National Youth Ballet 2013 Season
Dancing Times, November 2013 Issue
Review by Laura Dodge
The National Youth Ballet (NYB) gives dancers aged 8-18, many of whom are not in vocational training, a chance to stretch their skills and perform in prestigious venues. For 2013’s talented company, this included the once-in-a-lifetime opportunity to dance at the Coronation Festival at Buckingham Palace. The line-up of alumni is equally as impressive; Royal Ballet soloists Kristen McNally and Emma Maguire both performed with NYB, and other former NYB dancers can be found in major companies including Birmingham Royal Ballet (BRB), English National Ballet and Matthew Bourne’s New Adventures.

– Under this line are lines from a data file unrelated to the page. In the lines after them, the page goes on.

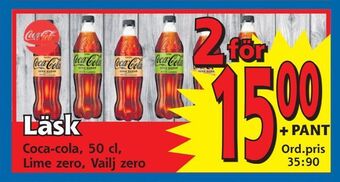 Supergrossen Läsk erbjuda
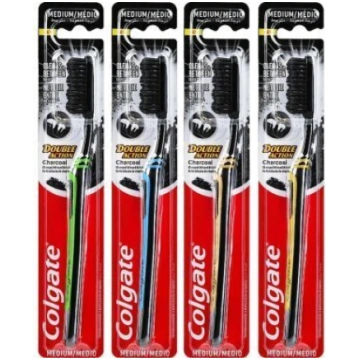 Zobu birste (vidējas cietības) Colgate Double Acti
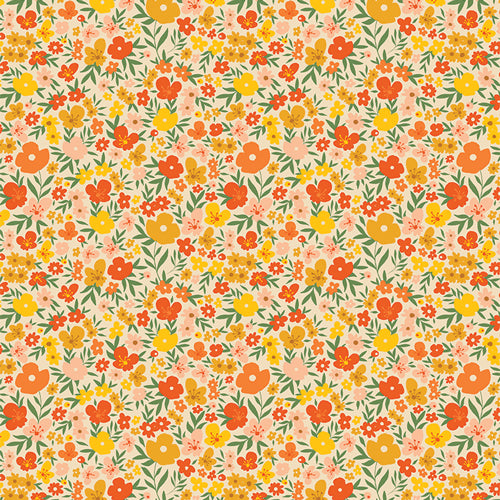 PRE-ORDER Flannel // Flowery Meadow - Sunlit // AGF Studio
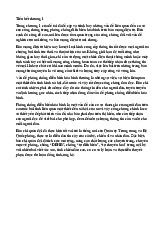 Tiểu kết chương 1 | Đại học Thái Nguyên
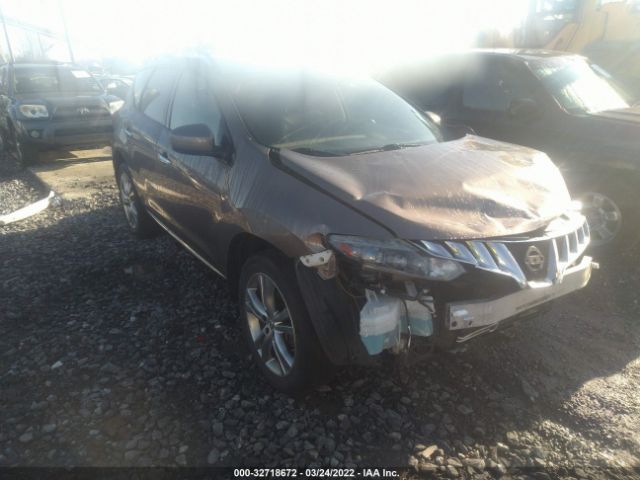 NISSAN MURANO 2010 jn8az1mw3aw129691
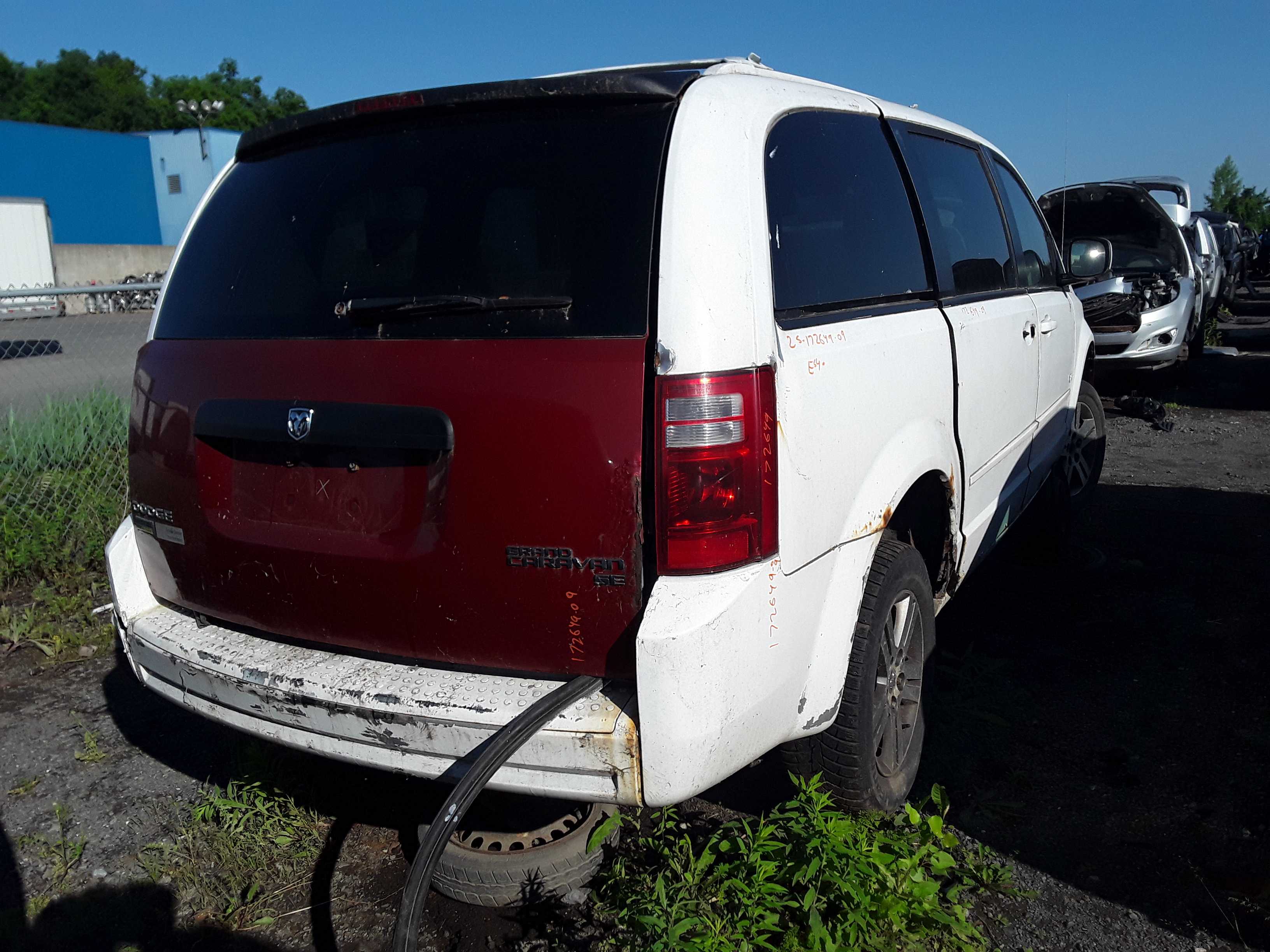 DODGE GRAND CARAVAN 2009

This year’s gala at the Bloomsbury theatre on August 31 showed a diverse range of repertoire that the young dancers seemed to enjoy performing. The highlight was undoubtedly the Edwardian-style Impressions of Sophie, which followed the title character as she grew from small, playful child to geeky teenager, and finally a young woman in the throes of first love. Choreography by Janet Kinson was well-crafted with a charming and engaging narrative, and the ballet gave a large cast of varied ages and abilities the chance to shine. Saskia Gregson-Williams was particularly pleasing as the older Sophie.
Wayne Sleep’s Toad felt disjointed, perhaps due to its being cut down for the purposes of NYB, but it did have some nice moments. Kaine Ward was excellent in the lead role, with wonderful jumps and characterisation, and Gaoler’s Daughter Grace Swaby-Moore also gave a lovely performance, with particularly well-executed pas de deux alongside Ward.
Other ballets in the programmer included Phoebus Arise, a classical quintuplet created by BRB dancer Jonathan Payn, and Mikhail Fokine’s Polovtsian Dances. There was also the rather unusual inclusion of Small House of Uncle Thomas, a quirky dance interlude form the musical The King and I, though it was well performed by the NYB cast.
What was perhaps more impressive than the dancing on display was the quality of the choreography by company members. Seventeen-year-old Alfred Taylor-Gaunt showed real potential in his Chaos at the Keaton Café, a ballet set to jazz music that followed the frenzied events of a new restaurant’s opening night. His choreography was extremely fun and original with a particularly creative pas de deux and some interesting balances and lifts.
There were two entertaining short works, one by Kaine Ward, winner of the Frank Freeman Choreographic Competition, and the other by Arielle Smith, winner of the first-ever Nijinska Cup. Sugar, a contemporary dance for five girls set to a modern reworking of the infamous Sugar Plum Fairy tune, impressed particularly with its clever musicality.